È morto Pietro Mosca, eclettico dell’arte

Pietro Mosca se lo ricordano tutti coloro che d'arte hanno la ventura di occuparsi di arte. Autore di numerosi e ponderosi volumi sulla storia dell'arte e del costume a Bergamo dal Seicento al Novecento

Nel giorno in cui se ne sono andate personalità importanti come il regista Ermanno Olmi e nomi noti come la moglie e musa di Giacomo Manzù Inge Schabel, il mondo delle arti giustamente piange e commemora le proprie icone.

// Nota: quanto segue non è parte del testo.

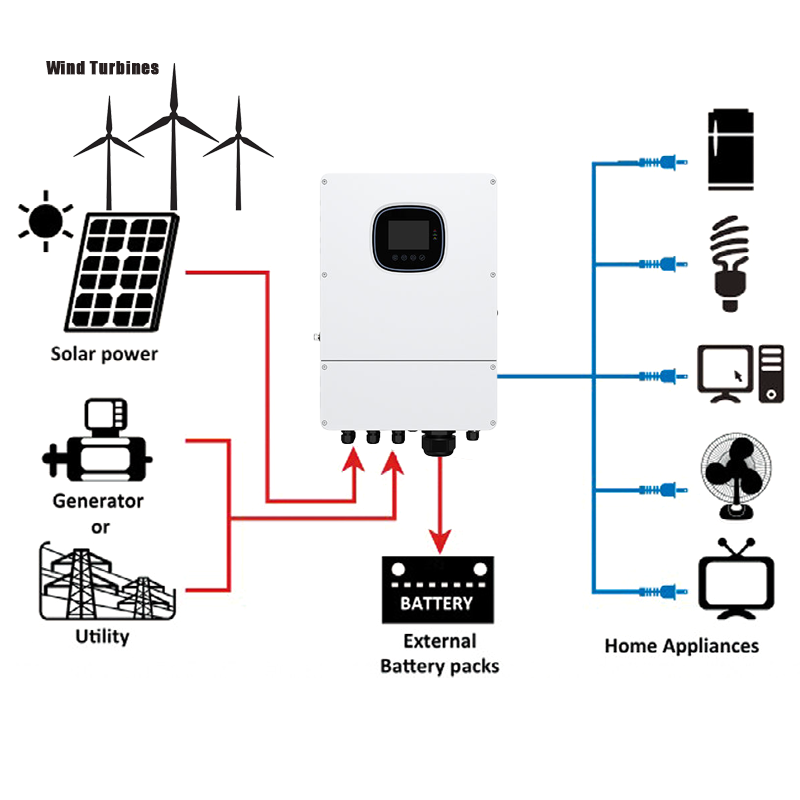 off-grid inverter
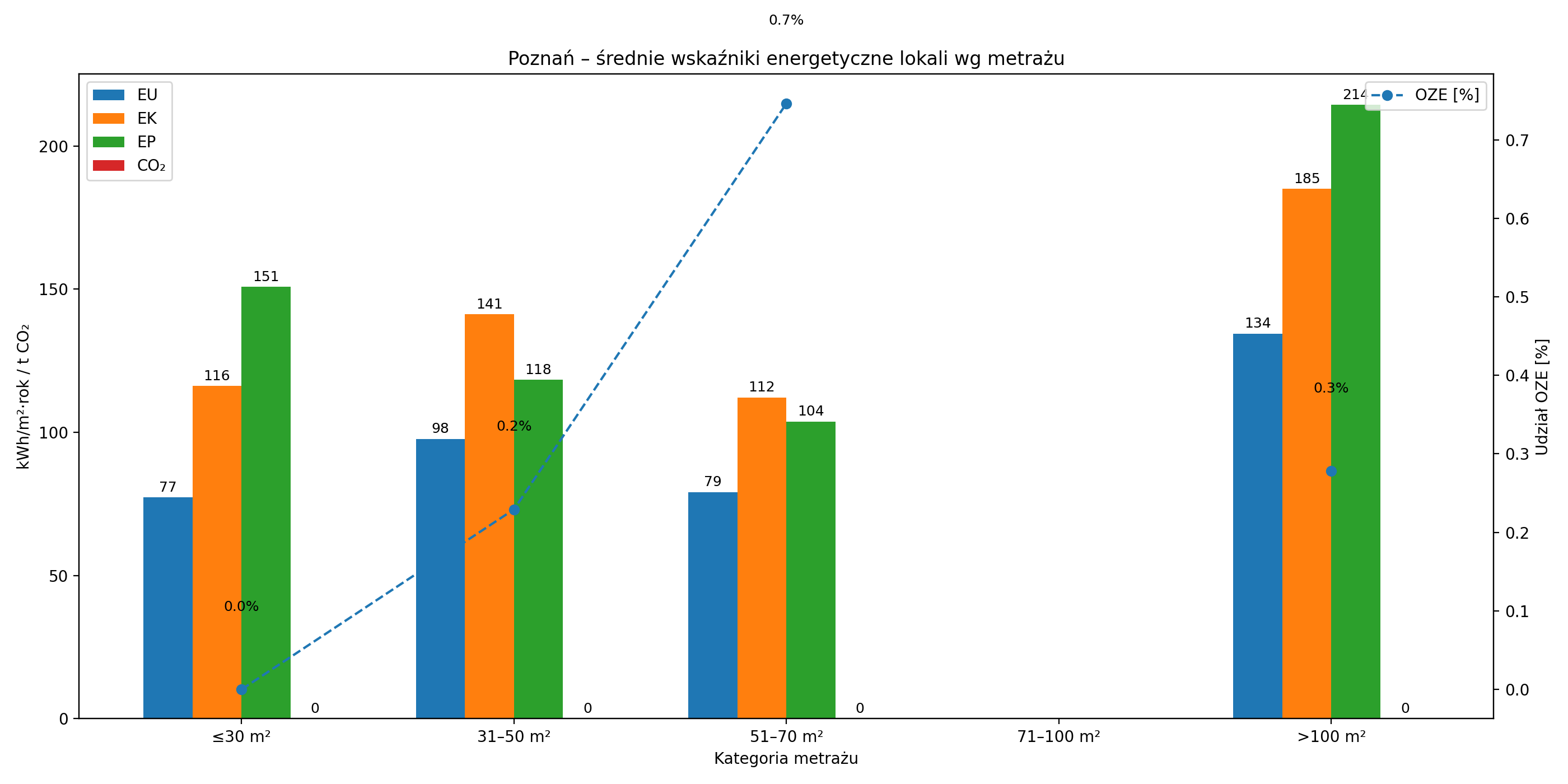 Średnie wskaźniki energetyczne poznańskich lokali wg metrażu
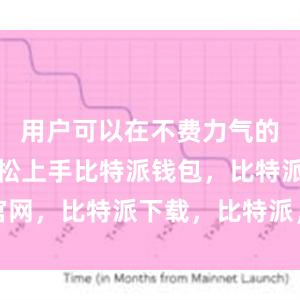 用户可以在不费力气的情况下轻松上手比特派钱包，比特派官网，比特派下载，比特派，比特派助记词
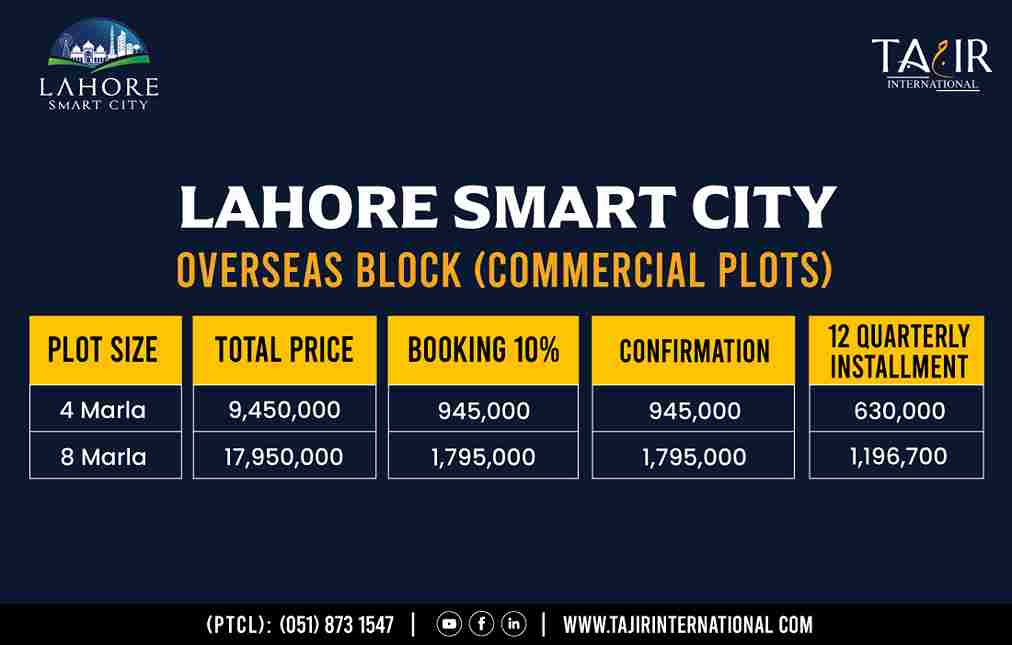 Lahore Smart City, Lahore Smart City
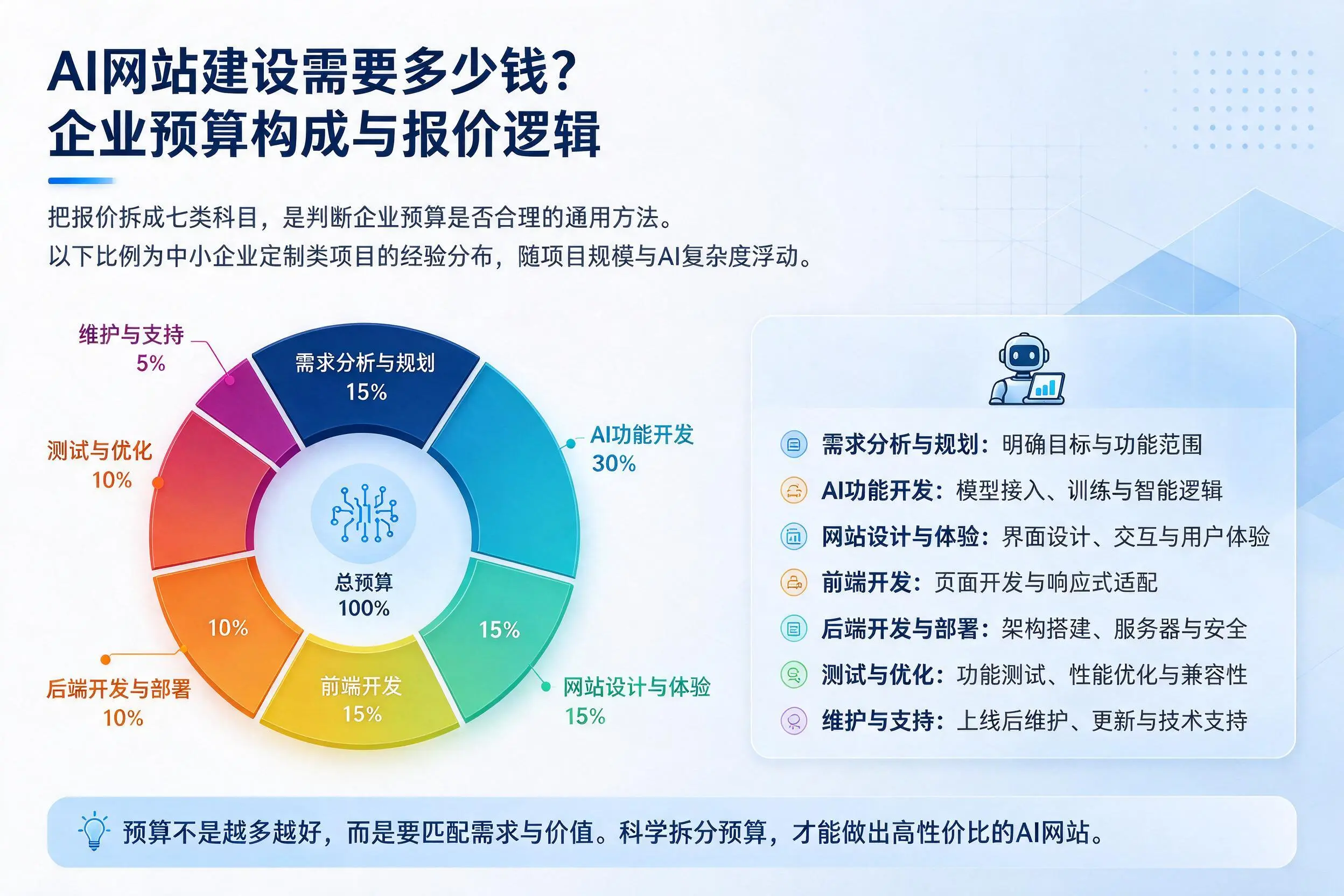 AI网站建设需要多少钱?石河子企业预算构成与报价逻辑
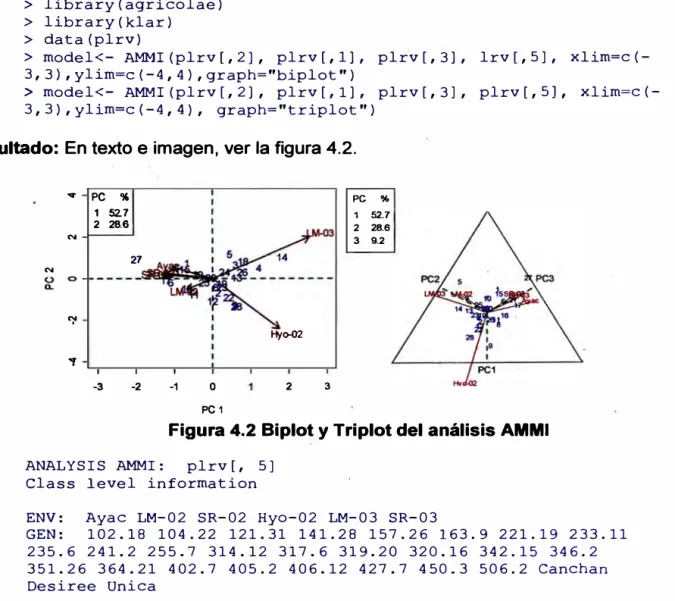 Figura 4.2 Biplot y Triplot del análisis AMMI  ANALYSIS  AMMI:  plrv[,  5]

Lo stesso giorno è scomparso a Bergamo anche un uomo che all’arte si è dedicato con ostinata passione, avendo scelto la nostra città come terra d’adozione. Pietro Mosca se lo ricordano tutti coloro che d’arte hanno la ventura di occuparsi. Autore di numerosi e ponderosi volumi sulla storia dell’arte e del costume a Bergamo dal Seicento al Novecento (di cui due, editi da Grafica e Arte, portano la presentazione di Raffaele De Grada), di studi monografici su artisti come Scarpanti e Michelangelo da Caravaggio, collaboratore di quotidiani e periodici e critico d’arte, ma anche autore di romanzi e raccolte di racconti e di poesia dal sapore spesso surreale e onirico.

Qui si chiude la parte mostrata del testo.